Three teams will be invited to submit proposals for a $757.6-million seawater desalination plant in Corpus Christi, Texas. The city council recently voted to approve the shortlist and authorize staff to execute a contract with the to-be-selected bidder for the progressive design-build project.

The city aims to build the project at a site on the Inner Harbor ship channel, which extends from the Gulf of Mexico to the port of Corpus Christi. The plant would be able to produce 30 million gallons of water per day, with intake from and discharge to the channel.

Corpus Christi Water supplies water to about 500,000 people. It has four surface water sources, but they are dependent on rail and are all treated at a single plant. Drew Molly, its chief operating officer, said during the city council’s June 25 meeting that the desalination plant is needed to secure "a drought-proof water supply.”

Four teams submitted qualifications in response to an RFP the city issued in March, with two joint venture teams and one standalone prime contractor shortlisted. 

They are: Corpus Christi Desal Partners, which includes Acciona Agua and MasTec Industrial; Corpus Christi Desalination Team, made up of CDM Smith and PLW Water; and Kiewit Infrastructure South Co., bidding alone. 

Corpus Christi Water aims to release a request for proposals to the shortlisted bidders July 8, with plans to make a selection in October and complete contract negotiations by January, Josh Chronley, chief procurement officer at the utility, said at the council meeting. 

The council authorized Corpus Christi Water to execute a $138-million contract with the selected bidder that would cover preconstruction services and design, as well as ordering equipment with long lead times such as high-pressure osmosis membranes, Molly said. 

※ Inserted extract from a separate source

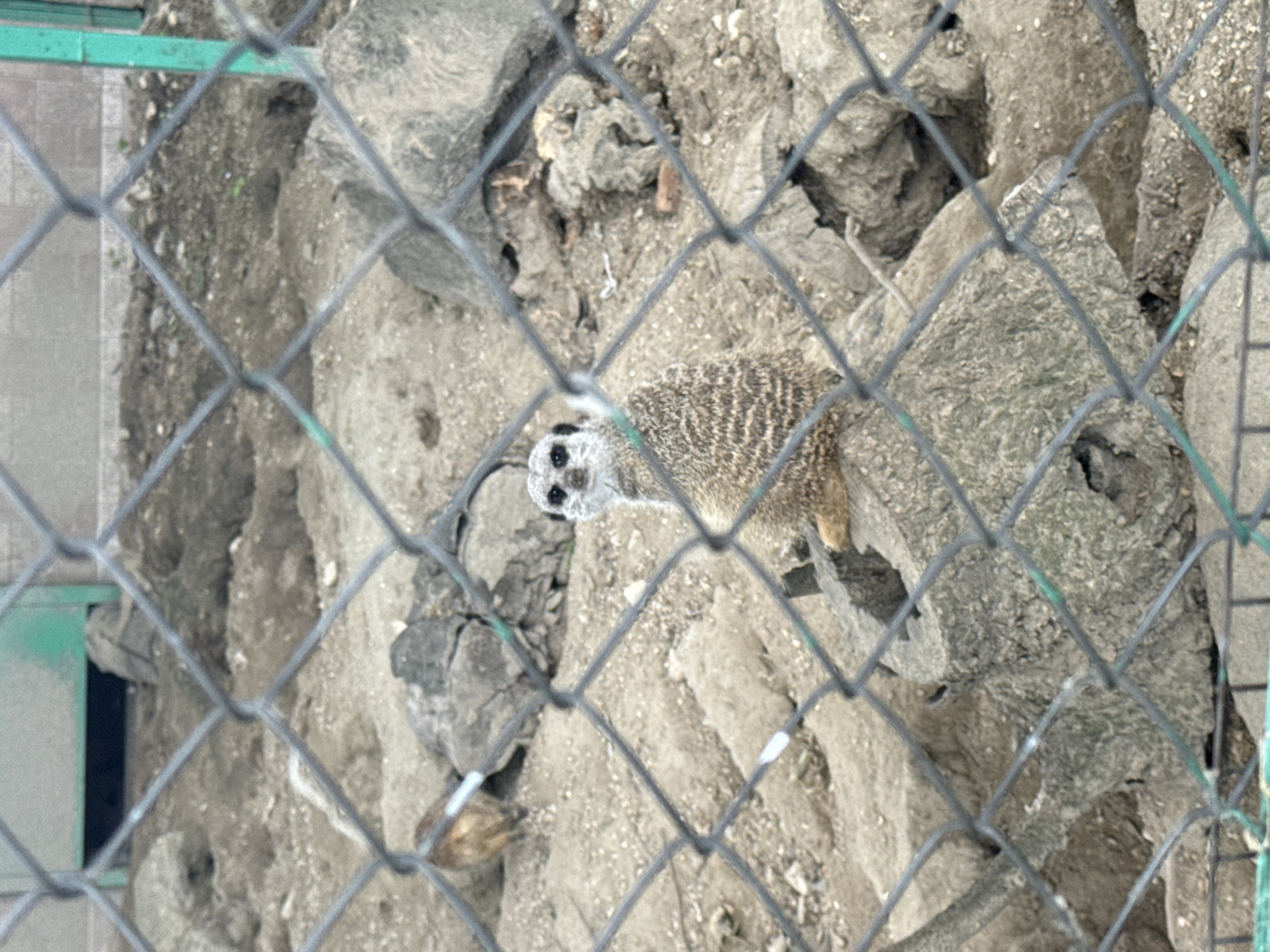 The image, taken from behind a wire fence, shows a meerkat standing on dirt and rocks. Its body is striped with light and dark brown bands, and its face has dark markings around the eyes. The background includes more dirt and rocks, along with what appears to be part of a green structure to the left. Based on the location in Pazardzhik, Bulgaria, it is likely the image was taken at the Zoo Park Pazardzhik.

Corpus Christi Water aims to start construction in 2025, with substantial completion in late 2027.

The council also voted at the meeting to amend a preconstruction professional services agreement with Freese and Nichols, worth up to $12 million. The firm is assisting with environmental assessments and permitting, as well as project oversight and technical assistance. 

The city is also considering a second desalination plant that would draw water from the La Quinta Channel and have a 40 million-gallon-per-day capacity. The two plants would nearly double the amount of water produced by Corpus Christi Water, according to the utility.